Amendment 60 would widen the scope of paragraph 19 of Part 1 of Schedule 1 to make legal aid available for claims in tort or other damages claims for any alleged unlawful act by a public authority that causes harm. Noble Lords will be interested to know that unlawful acts are already covered by paragraph 19, which covers situations where an act is deliberate and dishonest, and results in foreseeable harm. However, the concern is that the amendment as tabled would widen the coverage beyond what we believe should be within scope.
Alternatively, public law challenges to the lawfulness of a public authority’s action can be brought by judicial review, which is in scope under the Bill. We have focused limited resources on those who need them most and the most serious cases, in which legal advice or representation is justified. I accept that that approach means that public funding will not be available for each and every claim involving a public authority, but it is intended to be available for the most serious cases and to address serious abuses.
Although paragraph 26(1)(a) allows claimants to be granted legal aid in respect of asylum, it does not extend to the families of refugees who seek to rejoin the principal member of the family in the United Kingdom. Anxiety concerning that omission has been expressed by the UNHCR. Can my noble and learned friend say anything on that?
It is an important point, which has been raised before in the context of the Bill. I think that Amendments 69 and 71 in the name of my noble friend Lord Thomas of Gresford—to which we will come, dare I say, sooner rather than later—raise the point about families of asylum seekers. I hope that when we come to that, we will have a proper debate on the important issue that my noble friend raises.

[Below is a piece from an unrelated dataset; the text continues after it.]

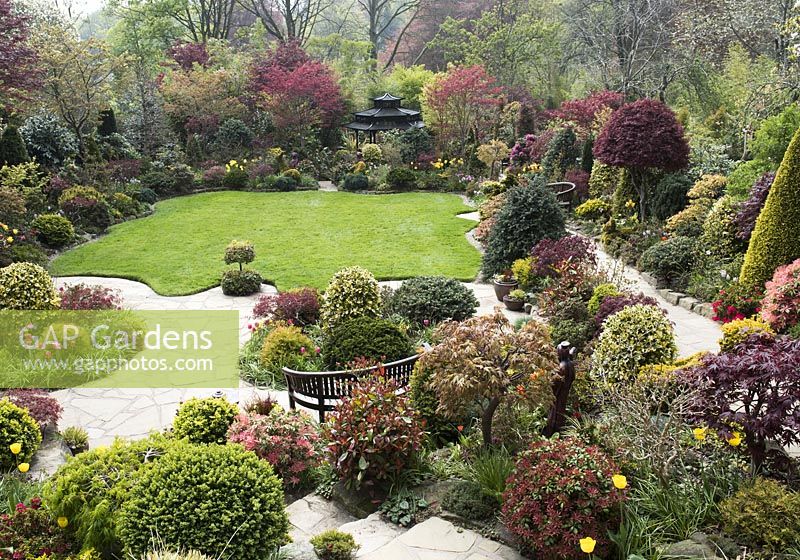 Aerial view of the garden with lawn, bench and curved stone paths surrounded by Acer palmatum 'Sango-kaku', syn. Acer palmatum 'Senkaki', Acer palmatum 'Trompenburg', topiary balls golden yew Taxus baccata 'Standishii', Abies procera 'Glauca Prostrata', Photinia fraseri 'Red Robin', Euonymus fortunei Emerald 'n' Gold, Carex oshimensis 'Evergold', Ilex x altaclerensis 'Golden King' and tulips.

The Minister is defending the Bill’s drafting against the proposal of the noble Lord, Lord Ramsbotham, in Amendment 60. Is he therefore saying that if someone is the victim of a mistake by a public authority—not a deliberate mistake or one dishonestly intended but none the less an egregious error arising from ignorance of the law, which ought to be known by the people working in the public authority—there is to be no legally aided redress for the citizen, even if the harm is considerable?
As I said to my noble friend Lord Phillips, the Bill does not include negligent actions of a public authority. I made very clear that it is intended for the serious-end range of abuse of power and the harm that results. It is not intended to include all that lies by way of negligence.
I am sorry to interrupt the Minister’s flow, but this is a valuable opportunity to get to the bottom of this. From what he is saying, a reckless act on behalf of the state would be neither deliberate nor dishonest. If it was reckless, there would be no redress. Can that be right?
My noble friend well knows that where recklessness goes into intent is not always very clear. I very much hear the point that he is making; I want to reflect on it. There is a continuum, but I have made it clear that it certainly does not include negligence. That is why we are concerned about “unlawful”, because that opens the provision beyond what is intended and could lead to cases of damages for what are not by any stretch of the imagination serious consequences or serious harm for the individual.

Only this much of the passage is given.